Rinvio a giudizio per Paolo Berlusconi. Si è chiusa così la prima tappa dell’udienza preliminare sull’inchiesta nata dalla divulgazione delle intercettazioni telefoniche tra Giovanni Consorte e Piero Fassino pubblicate su «Il Giornale» il 31 dicembre del 2005. Il gup Stefania Donadeo ha deciso anche la data del processo, che comincerà il 4 ottobre di fronte alla quarta sezione penale del tribunale di Milano.
Il dibattimento, dunque, sarà direttamente incentrato su una delle tre frasi «simbolo» della stagione delle scalate bancarie di quell’anno: quell’«abbiamo una banca» dell’attuale sindaco di Torino Piero Fassino a Giovanni Consorte, che si accompagna al «bacio in fronte» di Gianpiero Fiorani ad Antonio Fazio, e al «stamo a ffà i furbetti del quartierino» di Stefano Ricucci.
La differenza è che l’intercettazione di Fassino non poteva essere pubblicata non solo perché non era ancora stata depositata, ma non era neppure agli atti, né trascritta. Ed è su quel nastro che, secondo la procura, si è generato un illecito commercio che ha portato prima allo scoop del quotidiano di via Negri, e poi alle accuse nei confronti del fratello minore del presidente del Consiglio: ricettazione, millantato credito e concorso in rivelazione di segreto d’ufficio. Berlusconi jr sarà l’unico dei quattro indagati-imputati ad andare a giudizio con il rito ordinario.

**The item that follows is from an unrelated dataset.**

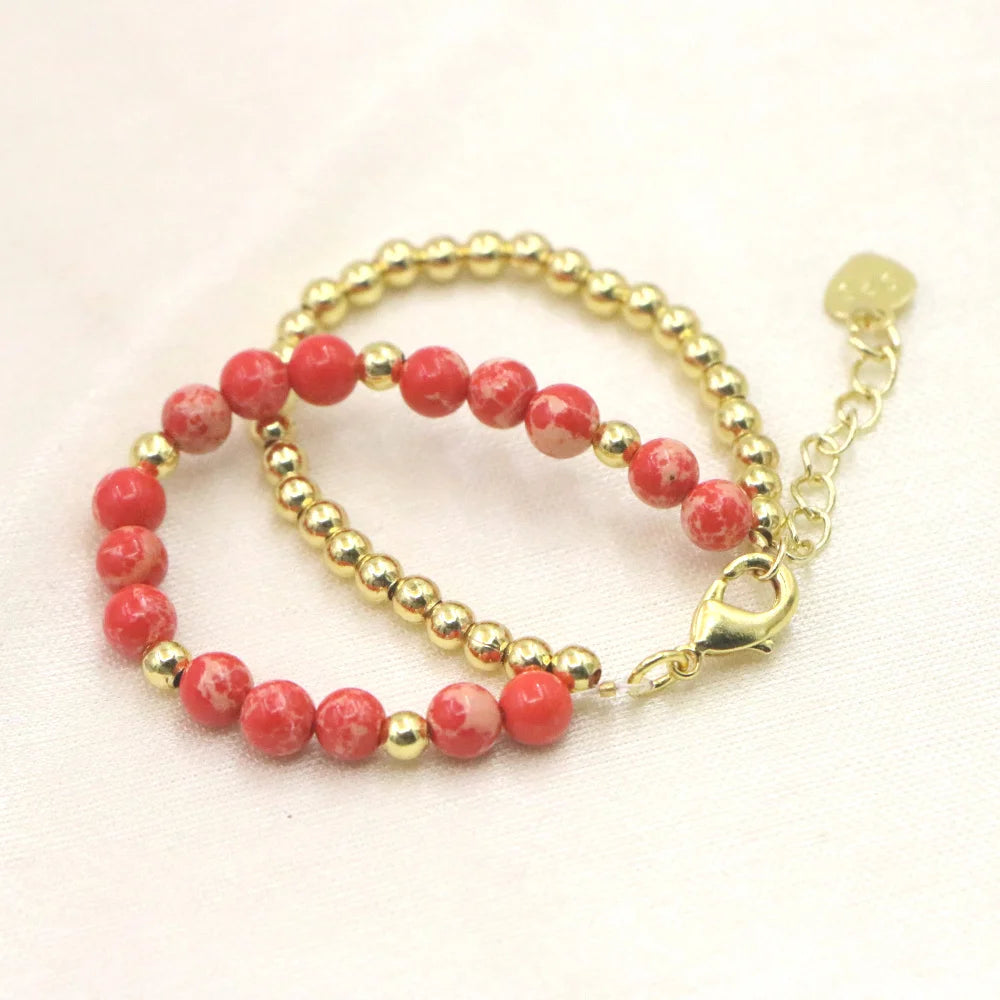 Lovely Fashion Natural Stone Bead Bracelet Baby Girls Lobster Clasp Accessories Girls Yoga Christmas Wedding Gift Jewelry Charm Good Vibrations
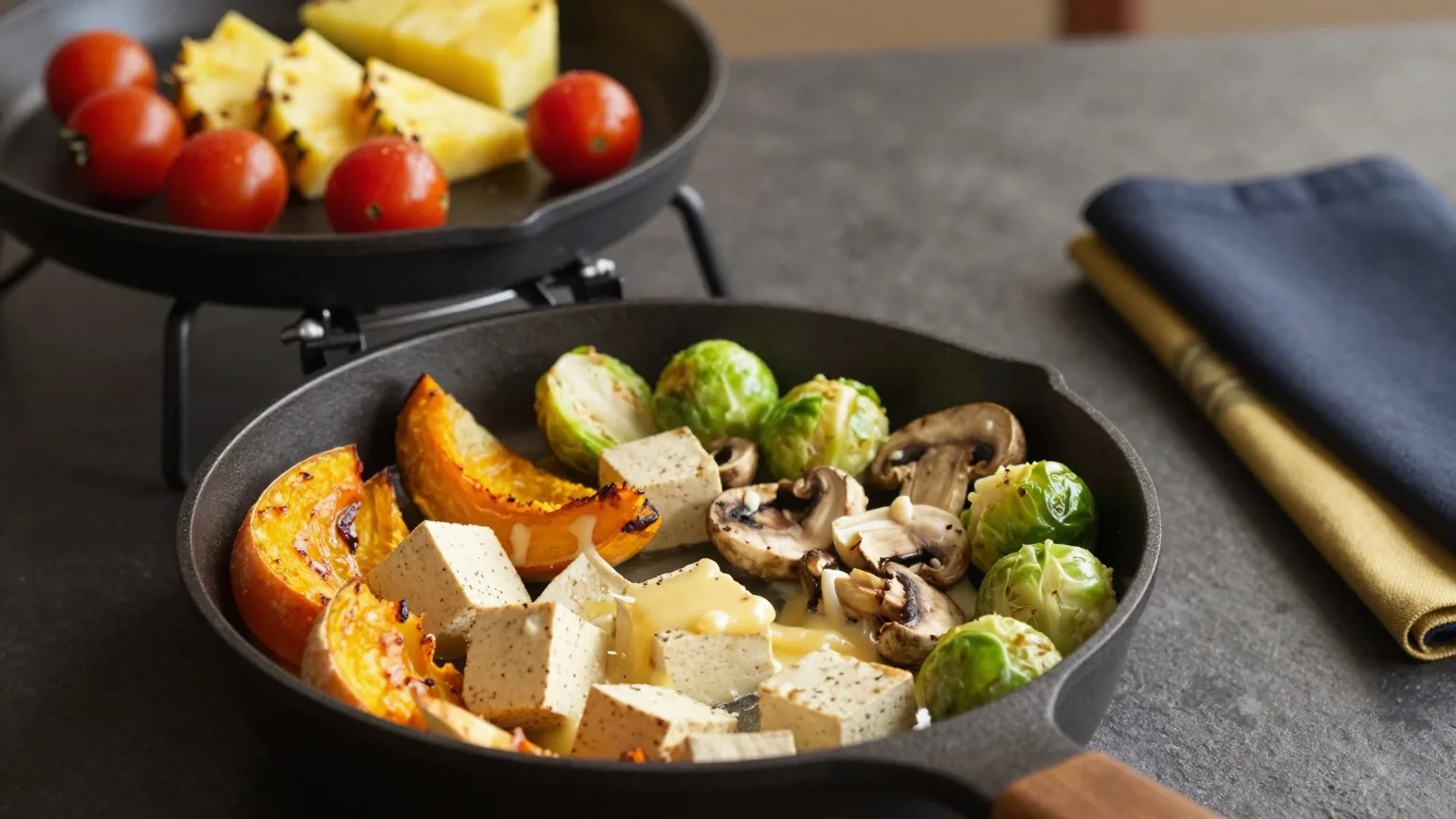 Raclette-Pfännchen mit Räuchertofu, Kürbis, Rosenkohl, Champignons und geschmolzenem Käse auf der Grillplatte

Diversa sarà la sorte processuale di Roberto Raffaelli, amministratore della Rcs research control system, società che faceva le intercettazioni per conto della procura, e degli imprenditori Eugenio Petessi e Fabrizio Favata, intermediari nel passaggio di mano dei nastri.
Su di loro il Gup deciderà il prossimo 8 giugno: Favata, per cui il pm ha chiesto una condanna a due anni e otto mesi, ha optato per il rito abbreviato. Raffaelli e Petessi, invece, hanno trovato un accordo con il pm Maurizio Romanelli per un patteggiamento rispettivamente a un anno e otto mesi e a un anno e quattro mesi. Carlo Federico Grosso, legale di Fassino, che si è costituito parte civile, ha chiesto una provvisionale non inferiore a 250mila euro e un risarcimento dei danni da determinare in separato giudizio. Paolo Berlusconi si è detto «rammaricato» per il rinvio a giudizio e ha sottolineato come sia «mia ferma intenzione agire con tutte le mie forze per dimostrare la mia estraneità a tutta quanta questa vicenda. Naturalmente assumerò ogni iniziativa nei confronti di coloro che mi hanno indicato come autore di reati di cui sono stato vittima inconsapevole».
Lo scoop di fine anno
Erano i giorni caldi dell’inchiesta sulla tentata scalata di Unipol a Bnl e il «Giornale», il 31 dicembre del 2005, uscì con uno scoop: una conversazione telefonica, intercettata dalla procura di Milano, nella quale l’allora segretario dei Ds Piero Fassino, parlando con Giovanni Consorte affermava: «Allora, abbiamo una banca?»
Per la pubblicazione di quella intercettazione, Paolo Berlusconi (foto), editore del «Giornale», è stato rinviato a giudizio dal gup di Milano Stefania Donadeo con l’accusa di ricettazione, millantato credito e concorso in rivelazione del segreto d’ufficio
Premier parte lesa. Per l’inchiesta era stato iscritto nel registro degli indagati anche Silvio Berlusconi: Fabrizio Favata e Roberto Raffaelli, titolare di Rcs, l’azienda che aveva fornito le attrezzature per le intercettazioni, avevano raccontato che la vigilia di Natale del 2005 erano stati ad Arcore con la pen-drive per fargli ascoltare il contenuto della telefonata tra Fassino e Consorte. Il pm Maurizio Romanelli ha però subito chiesto e ottenuto l’archiviazione in quanto «non vi è prova tranquillante della materiale ricezione della chiavetta». Berlusconi appare nel processo come parte lesa.